# [Task instructions]
In the copy, include no images. Reproduce the entries exactly.

(Pictures with short captions)
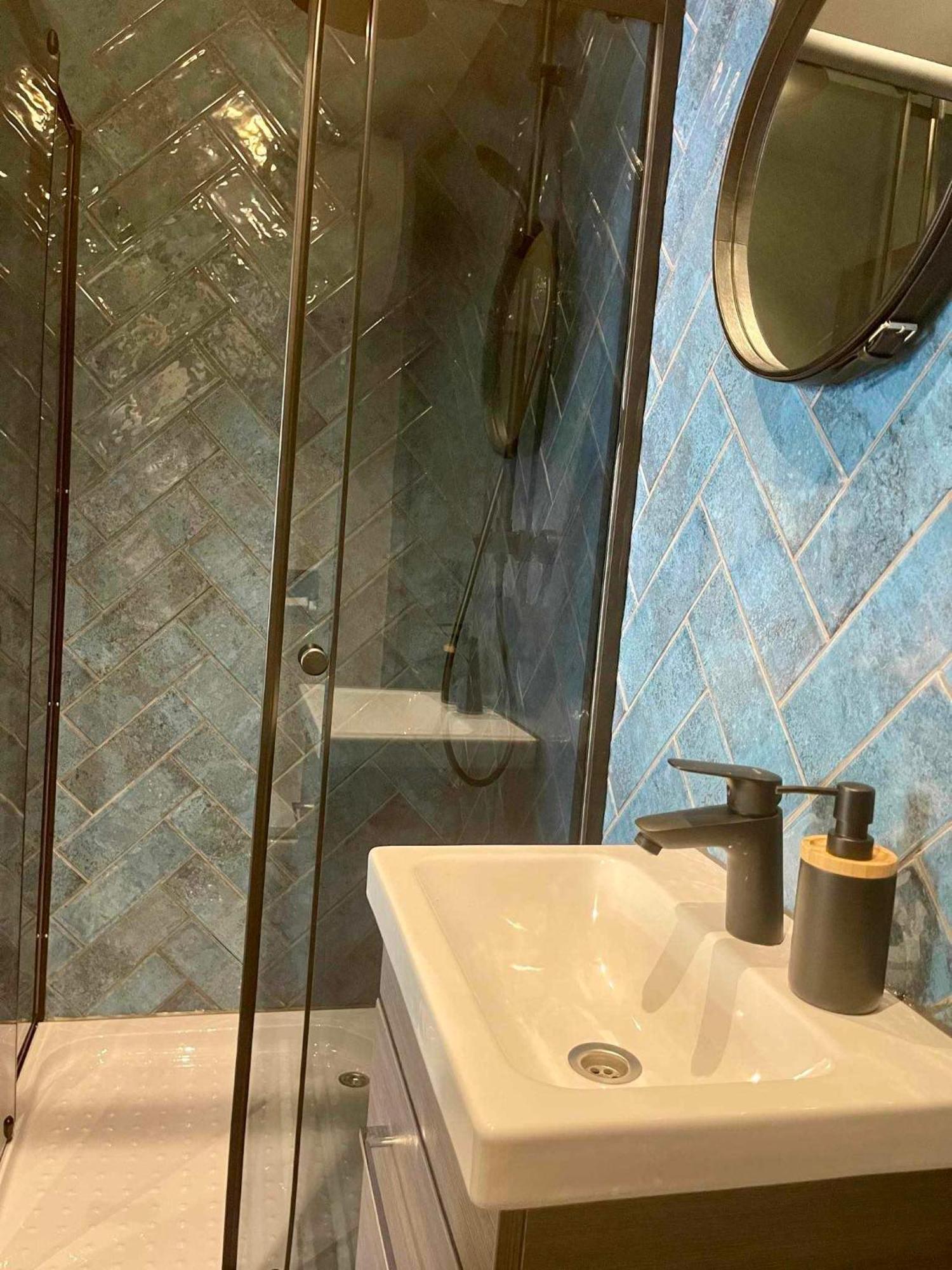 City Apartment Korter
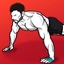 Home Workout - No Equipments - AppWisp.com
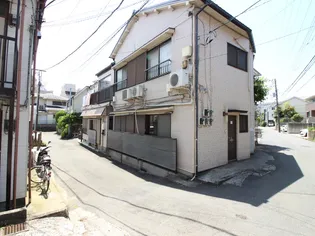 グリーンコーポの画像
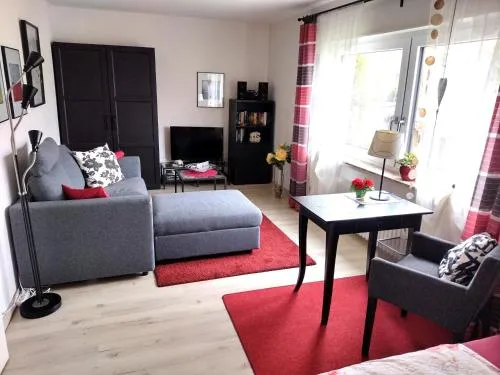 Ferienwohnung Meindl 2 in Idar-Oberstein, Deutschland
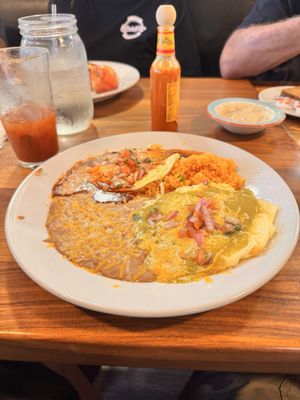 Southwest Diner by null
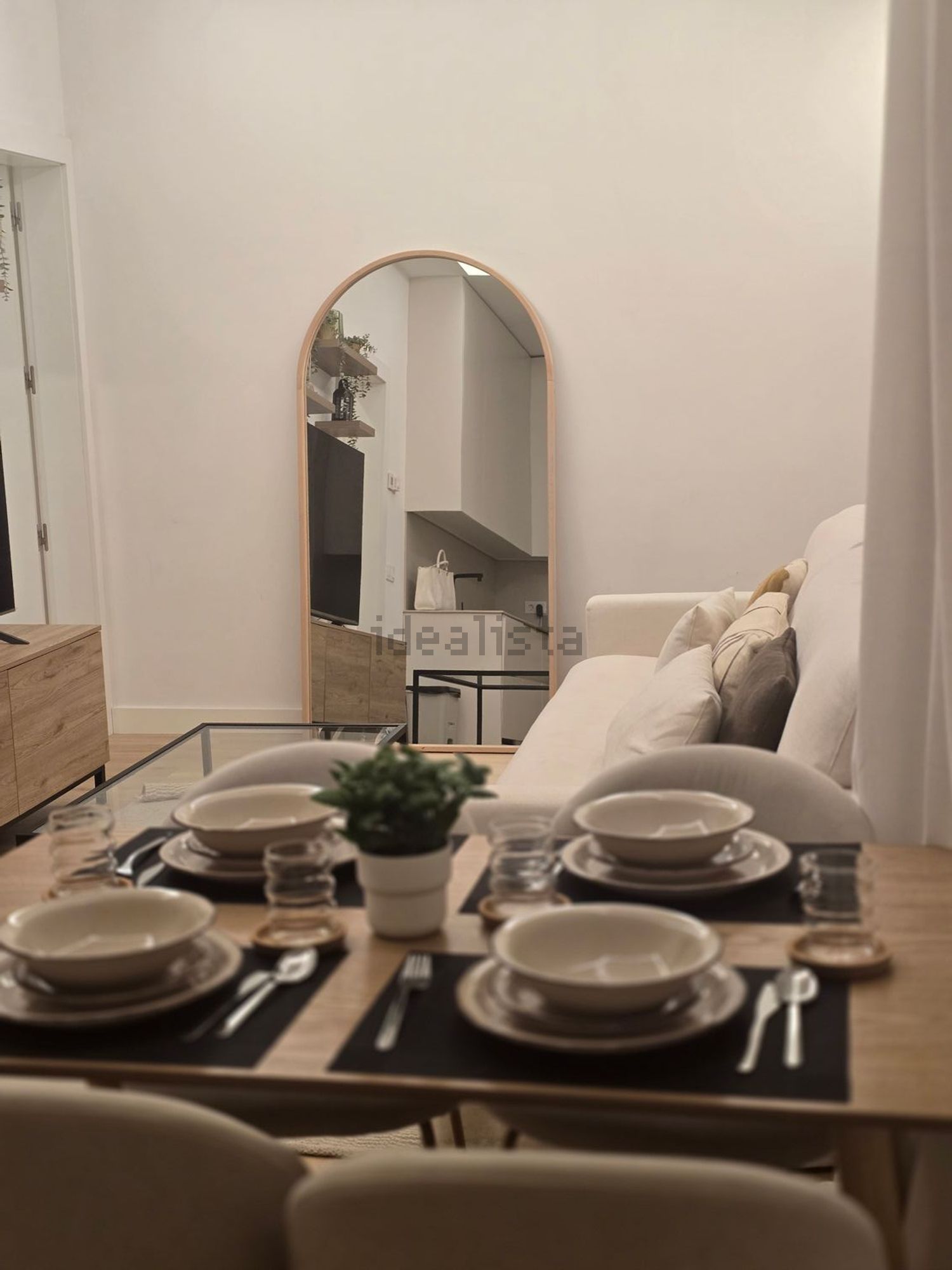 Pis de 65 m² a Madrid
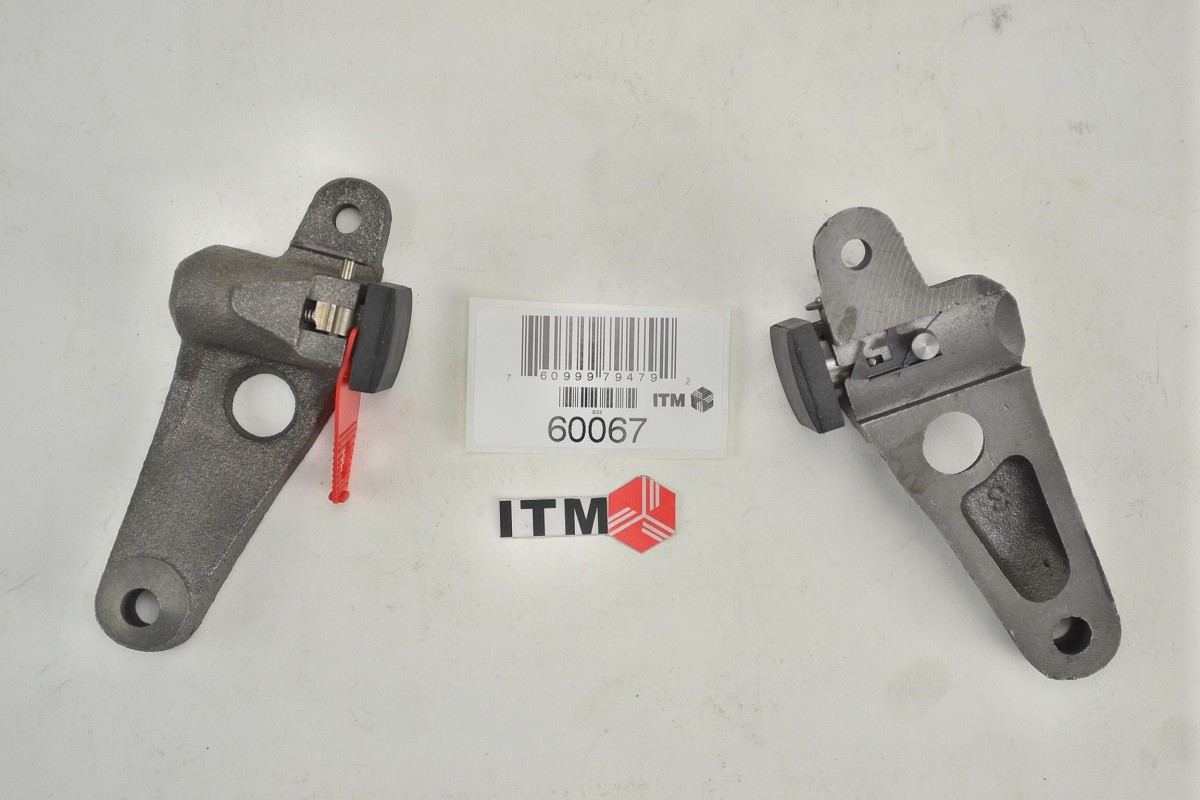 ITM - Engine Timing Chain Tensioner - ITM 60067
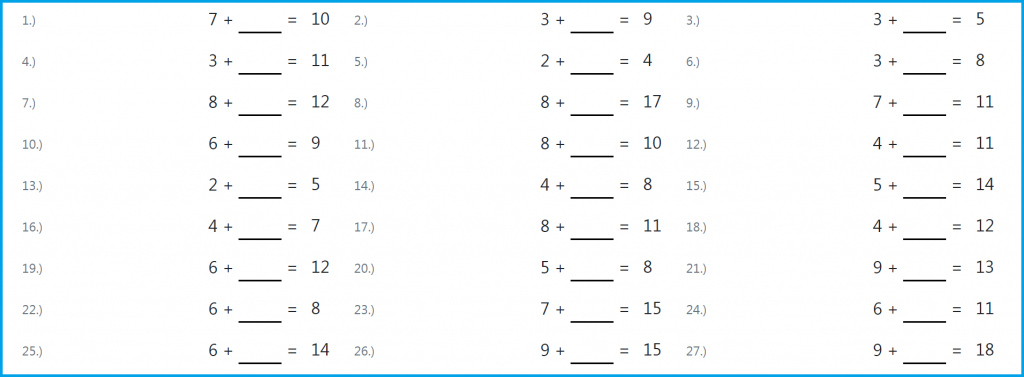 小學數學試卷生成器 小學數學試卷生成器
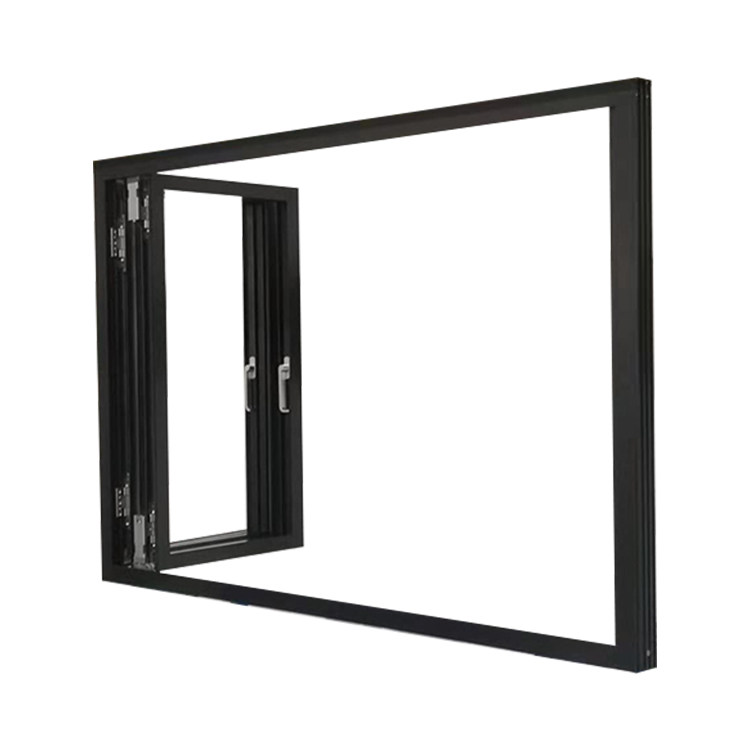 50 folding window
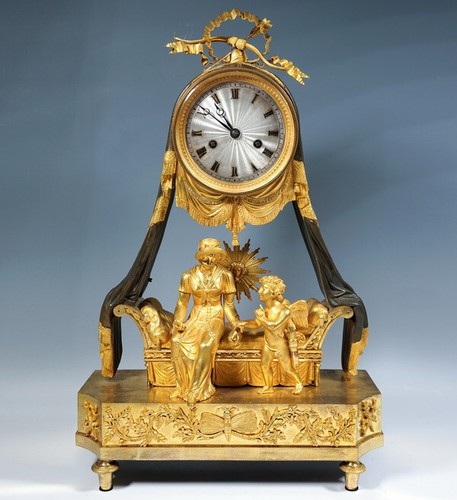 Französische empire ormolu - empire,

# [Problem solution]
 City Apartment Korter
 Home Workout - No Equipments - AppWisp.com
 グリーンコーポの画像
 Ferienwohnung Meindl 2 in Idar-Oberstein, Deutschland
 Southwest Diner by null
 Pis de 65 m² a Madrid
 ITM - Engine Timing Chain Tensioner - ITM 60067
 小學數學試卷生成器 小學數學試卷生成器
 50 folding window
 Französische empire ormolu - empire,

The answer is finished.